Alors, Navi Radjou et ses co-auteurs en concluent que la meilleure façon de nous adapter, nous les entreprises occidentales, c'est bien sûr de s'inspirer des entrepreneurs des pays pauvres et émergents, comme l'Inde, qui sont habitués, eux, à développer leur business vers les consommateurs pauvres; ce qu'ils appellent l'esprit "Jugaad" ( " débrouillards").

Ainsi nous sauverions nos entreprises des pays dits "riches", dans leurs marchés vieillissants et avec de plus en plus de pauvres en s'inspirant des pays qui sont pauvres depuis longtemps (et qui sont, eux, en train de devenir riches). Tout un paradoxe.

Bon, alors, messieurs les experts des pauvres qui deviennent riches, c'est quoi vos secrets pour sauver les riches qui deviennent pauvres ?

Accrochez-vous....voici les neufs secrets "Jugaad" :

1. Arrêter les projets RSE, et faire de l'inclusion sociale un impératif stratégique dans toutes les lignes de métier,

2. Plutôt que de faire de la R&D pour des produits haut de gamme avec des fonctionnalités sophistiquées, faire des produits accessibles aux consommateurs à faibles revenus;

3. Créer une culture de travail inclusive à l'intérieur des entreprises, avec un mode de management organisé autour de la gestion participative;

4. Reconnaître que les segments marginaux ne sont pas des esprits marginaux : même les vieux ont des idées, et de plus en plus intéressantes;

5. Utiliser la technologie pour abaisser le coût de l'inclusion : par exemple la télémédecine pour abaisser le coût du système de santé;

6. Co-créer des modèles économiques entre entreprises et associaitions;

7. Faire conduire ce changement systémique de modèle économique par un engagement au plus haut niveau, pour réorienter et transformer la Recherche et le Dévelopement;

8. Adapter les meilleures pratiques des marchés émergents : en Inde, 300 millions de personnes vivent avec moins de 1 dollar par jour; les entrepreneurs locaux savent ce que sont ces marchés..et inventer des produits et services pour eux;

9. Adopter les principes du modèle inclusif tout de suite : Il y a déjà 130 millions de personnes âgées de plus de 50 ans dans l'Union Européenne aujourd'hui, d'ici 2020 un adulte européen sur deux aura plus de 50 ans : il faut tout de suite anticiper et créer et distribuer les produits et services pour eux. Et parmi eux, il y aura pas mal de "pauvres", alors il faut en tenir compte aussi.

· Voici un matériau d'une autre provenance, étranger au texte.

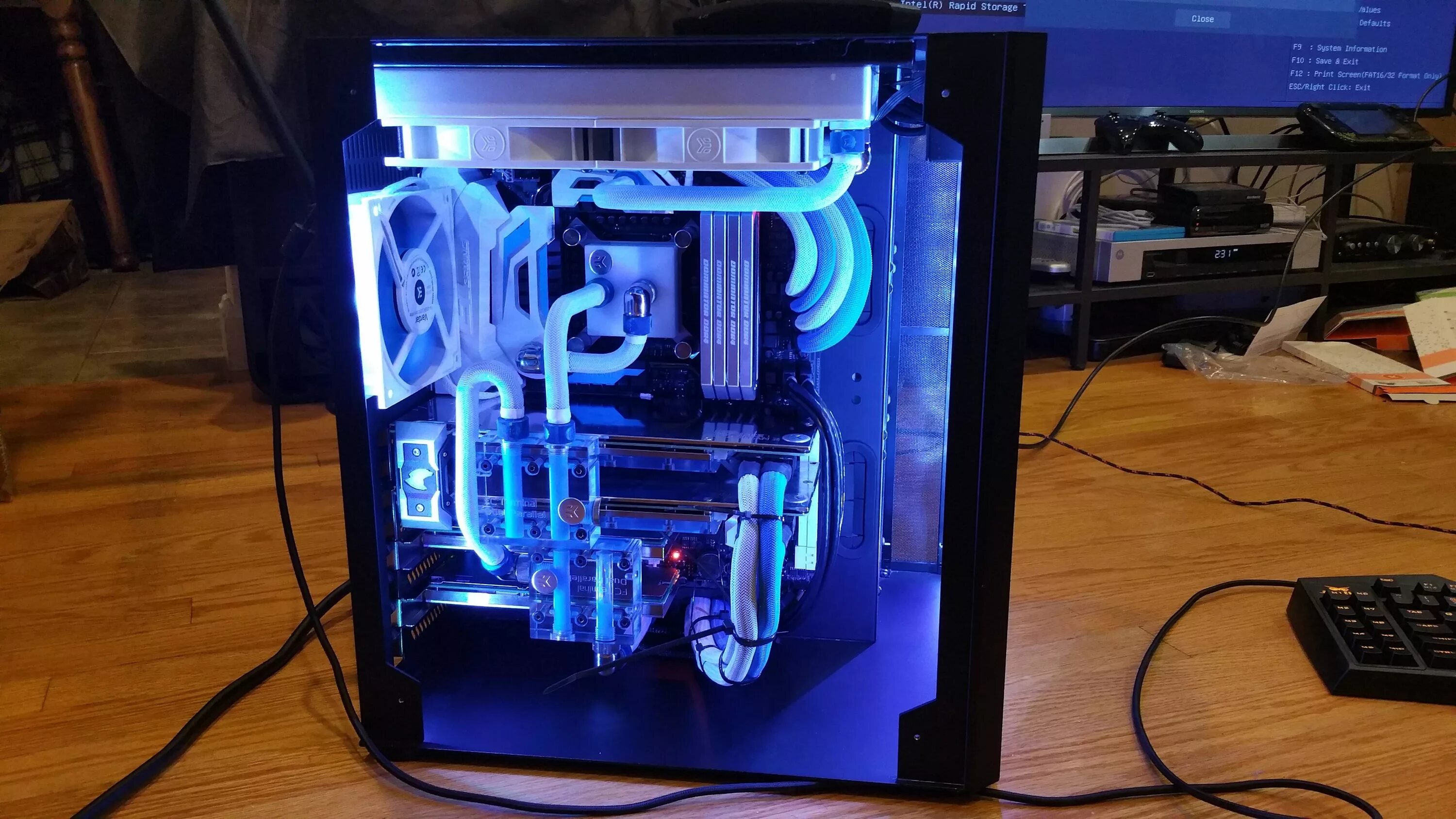 Регион сво. Сво ПК Deepcool lc520. Deepcool Zalman водяное охлаждение. Lian li водяное охлаждение. Водяное охлаждение Deepcool ROG.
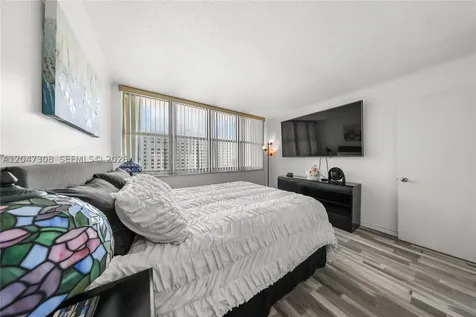 1825 S Ocean Drive Hallandale Beach FL 33009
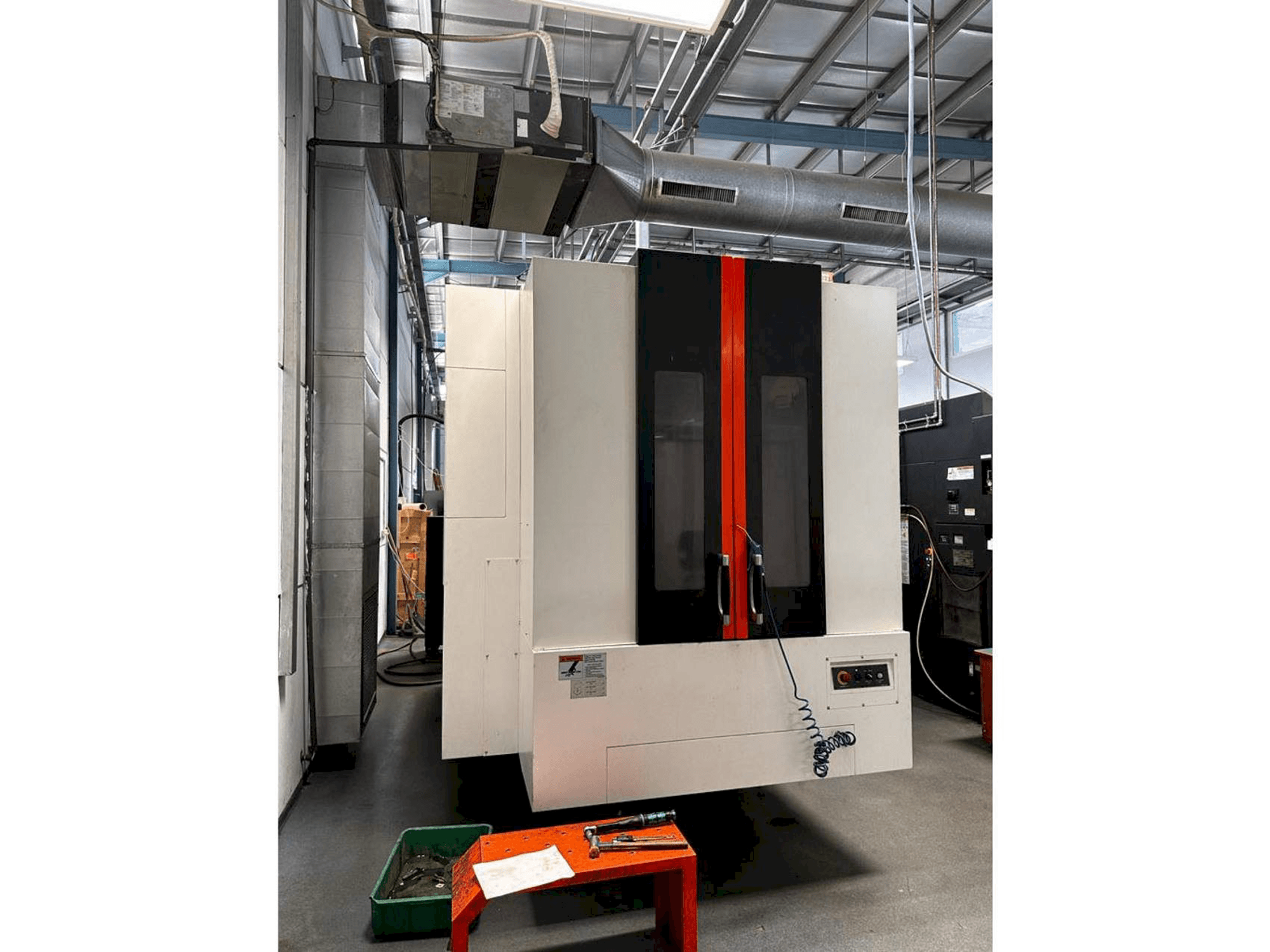 Vooraanzicht van Mazak NEXUS 4000-III machine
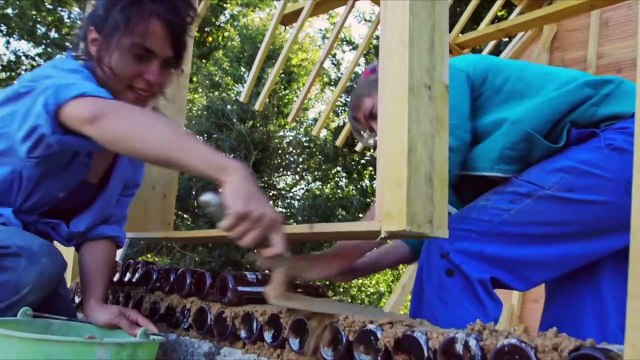 Heureux les fêlés Bande-annonce VF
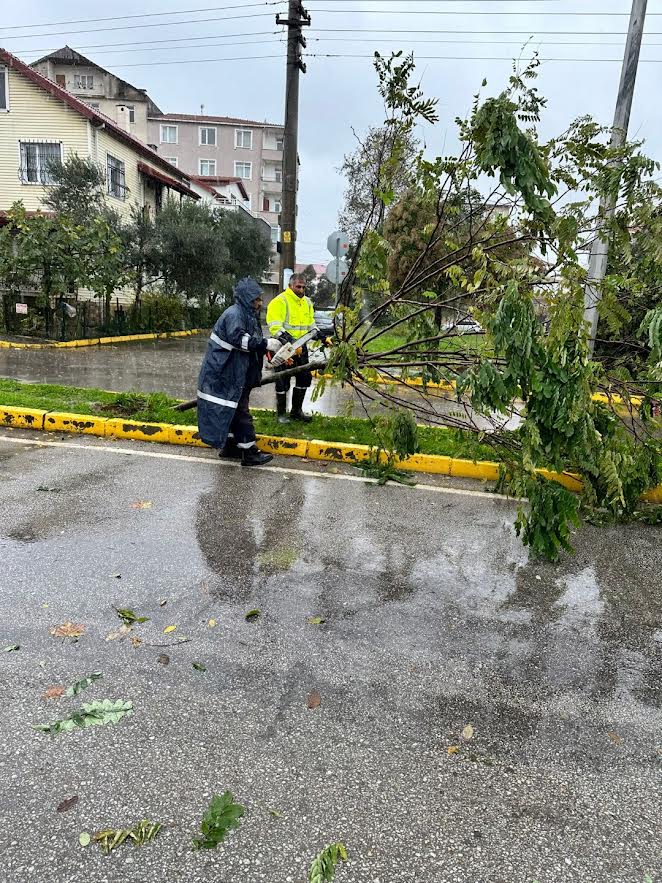 Büyükşehir'den yoğun kış mesaisi - Resim : 1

Cette leçon de management donnée depuis un pays pauvre pour préparer au mieux les économies encore riches, comme nous en Occident, à faire du business tout en voyant les populations de plus en plus composées de "marginaux", voilà un message que l'on ne peut manquer de trouver un peu cynique quand même.

Mais c'est vrai que les livres de management écrits par des indiens ( tels l'année dernière celui de Vineet Nayar, patron de HCL Technologie, dont j'ai parlé ICI), sont de plus en plus "tendance".

Intéressons-nous à ceux-ci avant de devenir tous pauvres...servis par des entreprises agiles venant des pays émergents et "pauvres nouveaux riches".